The end of last year and the beginning of this one was a less-than-stellar season, workwise. Nothing went wrong, exactly … but neither did much of anything go right. Or to be more precise: neither did anything go much of anywhere at all. I maintained what needed maintenance (sometimes late or barely), attended to things I had already committed to do, but I didn’t make much forward progress beyond that. At first, I narrated it as “Holiday Slacker Mode” – the semester was over, my time off had barely begun, and I made a choice to be a normal human person and spend time, laptop-less and out of range, with family over the holidays. Then I missed my friends and also wanted to invest a little more energy in the forgotten daily pleasures of my life. Then I was out of town. Then I got a cold. Then personal upheaval. Then picking up the pieces, stitching them back together in to the shape of something functional. All the while I was insisting that today, tomorrow, next week would mark the beginning of a new and refocused season of productivity. Then the semester started and all I could see was everything I hadn’t done. I have the sense that I’m starting to find my footing again but also that this re-establishment of order is tenuous.
Unsurprisingly, I have been fretting about my lull in productivity. It’s okay, the supportive voices reassured me: you just needed a break, you have totally earned a break, so you took a break. But that doesn’t seem quite right – it feels much more like a break took me. Absent the initial intention to take, to give myself, such a break, the time “off” (which was really not “off” for very long at all) instead provokes a different set of stresses, and, in turn, digs me in more deeply to the whole mess.
A good friend who hails from a wide-open state in our Midwest reminded me about the necessity of letting fields lie fallow, and that helped for sure, though on reflection I wondered what my position is in that metaphor: am I the field, left to recover after seasons of taxing production, or the farmer who makes the decision to leave the land alone?
My inability to answer that question underscores the thoughtlessness in my approach to this period of rest, or whatever it has been (for the record, I don’t really feel rested). I was intentional about my time at the outset but progressively less so as the weeks passed. At first it was a deliberate decision to turn (mostly) away from work and be present, and that did feel recuperative. But over time I lost control of it and whatever rest I could find seemed less of a decision and more a capitulation.

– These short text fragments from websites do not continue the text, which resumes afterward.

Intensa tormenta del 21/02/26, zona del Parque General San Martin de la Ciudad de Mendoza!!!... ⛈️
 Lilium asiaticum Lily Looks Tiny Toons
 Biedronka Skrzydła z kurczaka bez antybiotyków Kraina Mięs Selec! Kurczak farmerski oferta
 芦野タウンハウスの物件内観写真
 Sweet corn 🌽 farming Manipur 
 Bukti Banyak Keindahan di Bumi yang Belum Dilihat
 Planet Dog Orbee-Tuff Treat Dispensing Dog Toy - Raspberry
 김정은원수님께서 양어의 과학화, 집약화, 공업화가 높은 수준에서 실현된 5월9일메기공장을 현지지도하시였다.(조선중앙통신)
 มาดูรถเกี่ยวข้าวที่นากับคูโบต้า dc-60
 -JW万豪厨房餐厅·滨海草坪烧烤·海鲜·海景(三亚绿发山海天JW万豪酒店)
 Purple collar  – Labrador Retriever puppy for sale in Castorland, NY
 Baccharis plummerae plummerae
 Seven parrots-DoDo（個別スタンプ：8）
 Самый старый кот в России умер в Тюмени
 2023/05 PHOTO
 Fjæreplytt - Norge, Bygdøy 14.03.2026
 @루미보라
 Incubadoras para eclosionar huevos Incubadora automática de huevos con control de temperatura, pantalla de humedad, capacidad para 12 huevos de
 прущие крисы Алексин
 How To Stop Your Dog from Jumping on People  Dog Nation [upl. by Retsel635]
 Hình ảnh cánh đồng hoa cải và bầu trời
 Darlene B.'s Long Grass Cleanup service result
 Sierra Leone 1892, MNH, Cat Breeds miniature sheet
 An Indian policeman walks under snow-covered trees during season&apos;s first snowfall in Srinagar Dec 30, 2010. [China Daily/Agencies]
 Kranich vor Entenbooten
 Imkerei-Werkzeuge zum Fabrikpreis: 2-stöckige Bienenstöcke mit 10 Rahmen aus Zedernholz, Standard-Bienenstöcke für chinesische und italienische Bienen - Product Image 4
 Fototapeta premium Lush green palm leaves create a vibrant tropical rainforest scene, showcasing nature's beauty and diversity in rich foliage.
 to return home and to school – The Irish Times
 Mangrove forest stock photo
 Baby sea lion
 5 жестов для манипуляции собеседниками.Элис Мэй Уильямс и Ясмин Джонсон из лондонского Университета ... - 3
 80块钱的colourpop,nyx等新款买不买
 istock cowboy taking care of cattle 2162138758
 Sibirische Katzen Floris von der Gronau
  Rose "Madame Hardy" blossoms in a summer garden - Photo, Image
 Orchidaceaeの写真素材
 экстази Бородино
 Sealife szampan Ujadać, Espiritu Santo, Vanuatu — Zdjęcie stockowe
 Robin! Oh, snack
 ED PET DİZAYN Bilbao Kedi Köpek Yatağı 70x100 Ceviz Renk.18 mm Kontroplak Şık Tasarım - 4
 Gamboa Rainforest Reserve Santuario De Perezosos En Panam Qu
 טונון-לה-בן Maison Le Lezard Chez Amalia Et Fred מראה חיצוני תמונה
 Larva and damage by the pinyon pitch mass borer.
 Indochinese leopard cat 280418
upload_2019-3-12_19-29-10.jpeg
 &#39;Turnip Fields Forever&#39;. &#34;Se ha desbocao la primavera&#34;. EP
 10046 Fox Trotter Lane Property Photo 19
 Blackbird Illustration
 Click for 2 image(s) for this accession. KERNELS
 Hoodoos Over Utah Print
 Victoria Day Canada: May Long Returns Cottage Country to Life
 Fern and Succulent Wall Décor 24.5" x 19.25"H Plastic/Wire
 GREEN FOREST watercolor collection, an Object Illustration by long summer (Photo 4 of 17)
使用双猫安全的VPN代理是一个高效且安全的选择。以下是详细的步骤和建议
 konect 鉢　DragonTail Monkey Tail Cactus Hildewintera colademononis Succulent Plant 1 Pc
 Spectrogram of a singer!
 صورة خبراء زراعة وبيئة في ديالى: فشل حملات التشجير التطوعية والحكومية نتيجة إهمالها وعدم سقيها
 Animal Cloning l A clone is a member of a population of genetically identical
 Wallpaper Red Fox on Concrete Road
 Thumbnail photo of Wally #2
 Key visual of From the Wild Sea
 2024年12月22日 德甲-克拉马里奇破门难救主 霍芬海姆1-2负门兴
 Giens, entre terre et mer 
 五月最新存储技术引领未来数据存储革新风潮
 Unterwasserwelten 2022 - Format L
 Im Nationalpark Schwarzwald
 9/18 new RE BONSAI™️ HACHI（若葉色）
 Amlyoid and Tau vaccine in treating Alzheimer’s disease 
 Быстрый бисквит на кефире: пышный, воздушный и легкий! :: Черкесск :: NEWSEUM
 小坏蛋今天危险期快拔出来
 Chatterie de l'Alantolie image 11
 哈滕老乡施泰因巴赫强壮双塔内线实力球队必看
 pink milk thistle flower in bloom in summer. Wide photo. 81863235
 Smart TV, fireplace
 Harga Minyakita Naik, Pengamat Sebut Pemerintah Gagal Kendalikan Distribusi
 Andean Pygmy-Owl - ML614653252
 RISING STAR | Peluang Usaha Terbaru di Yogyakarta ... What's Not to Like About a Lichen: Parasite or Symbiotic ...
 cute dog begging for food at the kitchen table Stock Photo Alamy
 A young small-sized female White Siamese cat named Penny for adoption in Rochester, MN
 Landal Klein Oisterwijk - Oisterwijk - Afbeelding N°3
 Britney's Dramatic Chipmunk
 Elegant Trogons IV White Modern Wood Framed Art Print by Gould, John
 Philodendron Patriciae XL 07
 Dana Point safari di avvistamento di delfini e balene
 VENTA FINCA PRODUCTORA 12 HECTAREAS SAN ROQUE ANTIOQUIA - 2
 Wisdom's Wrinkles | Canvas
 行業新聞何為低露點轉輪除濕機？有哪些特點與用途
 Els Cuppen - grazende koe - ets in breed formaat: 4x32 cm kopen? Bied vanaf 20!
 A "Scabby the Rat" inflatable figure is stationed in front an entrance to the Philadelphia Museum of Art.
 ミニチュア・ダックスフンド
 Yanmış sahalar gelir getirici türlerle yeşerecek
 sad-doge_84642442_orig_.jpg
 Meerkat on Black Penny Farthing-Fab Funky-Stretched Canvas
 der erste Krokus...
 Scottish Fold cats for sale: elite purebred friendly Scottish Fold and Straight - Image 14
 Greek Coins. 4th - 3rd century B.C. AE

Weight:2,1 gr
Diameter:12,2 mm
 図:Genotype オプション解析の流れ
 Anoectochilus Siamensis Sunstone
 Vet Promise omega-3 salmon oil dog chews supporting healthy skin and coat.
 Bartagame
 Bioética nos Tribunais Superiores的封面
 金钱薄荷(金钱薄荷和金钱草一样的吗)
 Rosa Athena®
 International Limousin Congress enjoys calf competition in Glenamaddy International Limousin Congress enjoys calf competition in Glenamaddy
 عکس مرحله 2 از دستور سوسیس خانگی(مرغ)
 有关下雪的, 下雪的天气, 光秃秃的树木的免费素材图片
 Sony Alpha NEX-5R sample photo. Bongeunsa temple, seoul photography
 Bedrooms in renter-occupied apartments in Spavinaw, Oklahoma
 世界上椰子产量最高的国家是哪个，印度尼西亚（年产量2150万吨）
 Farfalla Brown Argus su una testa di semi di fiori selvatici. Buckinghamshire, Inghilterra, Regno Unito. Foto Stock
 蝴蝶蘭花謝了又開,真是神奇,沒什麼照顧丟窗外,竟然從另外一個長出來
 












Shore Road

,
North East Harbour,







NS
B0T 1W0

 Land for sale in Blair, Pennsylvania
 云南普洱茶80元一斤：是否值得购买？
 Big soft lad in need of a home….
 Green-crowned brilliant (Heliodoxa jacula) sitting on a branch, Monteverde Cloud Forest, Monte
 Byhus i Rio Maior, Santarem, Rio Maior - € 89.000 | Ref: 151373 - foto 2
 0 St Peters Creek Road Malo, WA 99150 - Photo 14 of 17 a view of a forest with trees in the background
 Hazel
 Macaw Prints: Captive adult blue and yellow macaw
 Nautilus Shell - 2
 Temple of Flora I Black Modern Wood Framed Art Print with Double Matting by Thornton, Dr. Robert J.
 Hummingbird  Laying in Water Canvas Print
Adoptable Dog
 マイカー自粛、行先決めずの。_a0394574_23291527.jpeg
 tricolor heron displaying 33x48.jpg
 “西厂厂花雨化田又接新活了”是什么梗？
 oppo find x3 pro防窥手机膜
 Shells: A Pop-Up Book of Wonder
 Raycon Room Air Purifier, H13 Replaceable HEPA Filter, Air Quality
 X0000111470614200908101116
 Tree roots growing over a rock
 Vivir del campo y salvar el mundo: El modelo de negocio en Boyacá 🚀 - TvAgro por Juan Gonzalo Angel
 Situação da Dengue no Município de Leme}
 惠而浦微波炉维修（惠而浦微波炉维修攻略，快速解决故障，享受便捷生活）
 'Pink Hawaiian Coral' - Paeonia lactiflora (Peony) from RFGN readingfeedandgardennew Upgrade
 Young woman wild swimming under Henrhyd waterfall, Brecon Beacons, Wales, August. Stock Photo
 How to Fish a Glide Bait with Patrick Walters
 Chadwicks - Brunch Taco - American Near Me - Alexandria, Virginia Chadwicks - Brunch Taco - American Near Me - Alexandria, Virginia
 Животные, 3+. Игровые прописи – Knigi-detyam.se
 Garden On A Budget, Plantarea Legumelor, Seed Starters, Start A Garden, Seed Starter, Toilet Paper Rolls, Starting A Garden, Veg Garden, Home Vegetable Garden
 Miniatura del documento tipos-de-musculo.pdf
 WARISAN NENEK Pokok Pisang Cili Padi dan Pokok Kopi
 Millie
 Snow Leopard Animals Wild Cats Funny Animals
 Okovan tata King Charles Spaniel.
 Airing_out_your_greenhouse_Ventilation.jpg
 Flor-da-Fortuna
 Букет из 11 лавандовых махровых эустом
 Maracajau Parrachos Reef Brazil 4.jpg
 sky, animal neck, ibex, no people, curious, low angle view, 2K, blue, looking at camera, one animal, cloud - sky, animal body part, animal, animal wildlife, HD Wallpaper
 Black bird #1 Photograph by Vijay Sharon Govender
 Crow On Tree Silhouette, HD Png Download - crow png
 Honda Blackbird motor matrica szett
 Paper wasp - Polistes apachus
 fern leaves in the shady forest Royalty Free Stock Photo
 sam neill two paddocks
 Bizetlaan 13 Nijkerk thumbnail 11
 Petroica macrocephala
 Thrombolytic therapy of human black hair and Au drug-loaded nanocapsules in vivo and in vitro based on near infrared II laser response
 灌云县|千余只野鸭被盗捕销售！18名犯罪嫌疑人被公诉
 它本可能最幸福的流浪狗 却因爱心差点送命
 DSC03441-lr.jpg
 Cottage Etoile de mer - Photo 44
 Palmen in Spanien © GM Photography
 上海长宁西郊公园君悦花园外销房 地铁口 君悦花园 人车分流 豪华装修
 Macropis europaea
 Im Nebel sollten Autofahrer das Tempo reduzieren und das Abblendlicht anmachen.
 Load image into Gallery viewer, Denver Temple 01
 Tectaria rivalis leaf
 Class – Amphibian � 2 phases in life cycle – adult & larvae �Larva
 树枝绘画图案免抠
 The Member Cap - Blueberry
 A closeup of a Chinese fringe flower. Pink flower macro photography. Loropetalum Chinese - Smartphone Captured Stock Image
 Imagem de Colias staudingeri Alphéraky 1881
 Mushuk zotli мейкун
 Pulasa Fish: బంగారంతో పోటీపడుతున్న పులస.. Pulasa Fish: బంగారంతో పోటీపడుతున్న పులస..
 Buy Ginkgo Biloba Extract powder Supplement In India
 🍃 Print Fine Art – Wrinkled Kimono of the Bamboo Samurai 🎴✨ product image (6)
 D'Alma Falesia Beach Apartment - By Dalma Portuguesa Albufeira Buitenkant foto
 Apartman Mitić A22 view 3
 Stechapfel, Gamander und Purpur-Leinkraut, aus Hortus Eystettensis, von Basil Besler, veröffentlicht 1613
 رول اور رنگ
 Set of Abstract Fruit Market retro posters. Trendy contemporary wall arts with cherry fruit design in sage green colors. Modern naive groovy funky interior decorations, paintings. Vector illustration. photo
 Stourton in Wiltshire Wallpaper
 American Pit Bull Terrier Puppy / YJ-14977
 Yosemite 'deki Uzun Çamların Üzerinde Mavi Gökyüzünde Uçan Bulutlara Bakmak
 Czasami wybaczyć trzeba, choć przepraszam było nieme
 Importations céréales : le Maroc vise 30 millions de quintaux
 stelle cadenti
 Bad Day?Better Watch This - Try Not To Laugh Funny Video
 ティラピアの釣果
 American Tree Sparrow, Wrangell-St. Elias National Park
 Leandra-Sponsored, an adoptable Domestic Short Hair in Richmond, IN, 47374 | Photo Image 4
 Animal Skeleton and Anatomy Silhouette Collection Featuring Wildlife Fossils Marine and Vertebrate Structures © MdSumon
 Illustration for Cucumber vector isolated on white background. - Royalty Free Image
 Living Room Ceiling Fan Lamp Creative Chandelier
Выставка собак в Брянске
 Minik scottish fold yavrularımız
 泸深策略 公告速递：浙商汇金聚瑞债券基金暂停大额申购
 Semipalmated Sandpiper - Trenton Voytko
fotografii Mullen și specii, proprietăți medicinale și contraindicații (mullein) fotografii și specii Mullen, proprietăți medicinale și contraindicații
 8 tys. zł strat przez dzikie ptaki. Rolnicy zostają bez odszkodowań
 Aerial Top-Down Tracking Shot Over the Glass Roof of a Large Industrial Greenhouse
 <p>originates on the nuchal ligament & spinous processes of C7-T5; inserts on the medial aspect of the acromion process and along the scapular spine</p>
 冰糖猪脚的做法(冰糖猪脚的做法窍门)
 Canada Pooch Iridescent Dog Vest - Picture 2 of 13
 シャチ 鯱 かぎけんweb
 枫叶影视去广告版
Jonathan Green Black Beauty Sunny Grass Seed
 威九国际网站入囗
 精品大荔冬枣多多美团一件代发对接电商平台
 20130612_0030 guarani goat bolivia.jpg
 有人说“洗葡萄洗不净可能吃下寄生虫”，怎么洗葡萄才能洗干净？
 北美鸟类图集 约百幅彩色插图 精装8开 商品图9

The point of all this, as part of my ongoing reflection about academic labor and how we might maintain more humane existences while we toil at it, is that I think we might need to think, and speak, more precisely about the kinds of breaks we take from work. There are obvious kinds of breaks: the scheduled vacation, the holiday (of course, the fact that they are ‘obvious’ does not mean that they are easy to take). There are the compulsory breaks engendered by illness, the unexpected ones demanded by emergencies. There are lucky breaks like snow days. But not all breaks are so readily identifiable.
Academic work is often defined by its unboundedness: temporal (because theoretically we could work all the time), spatial (because we are potentially always accessible and so much of our work is portable), and experiential (because it can be so difficult to determine where thinking for/about work ends and regular thinking begins). This means the edges of our breaks can be amorphous too. What if we “only” read, but do not respond to, email while on vacation? At what point on the weekend do we start thinking about, or preparing for, the week ahead? How much of summer is given over to recovering or digging out from the preceding academic year? In these moments, we’re not working, but we’re not not-working either.
Doubtless, some people are quite content to have work and not-work bleed together. I’m finally able to admit that, at this point in my life, and my career, I am not one of those people; the phrase “working vacation” makes feel a little cold and sad inside. Beyond my own personal reservations, I believe vagueness about whether we are or are not working (and why we are or are not working) at a given moment engenders a range of problems: political, economic, ideological. This murkiness also makes it virtually impossible to recognize when we need, for whatever reason, to be unequivocally not-working, until something gives and we are forced to give in.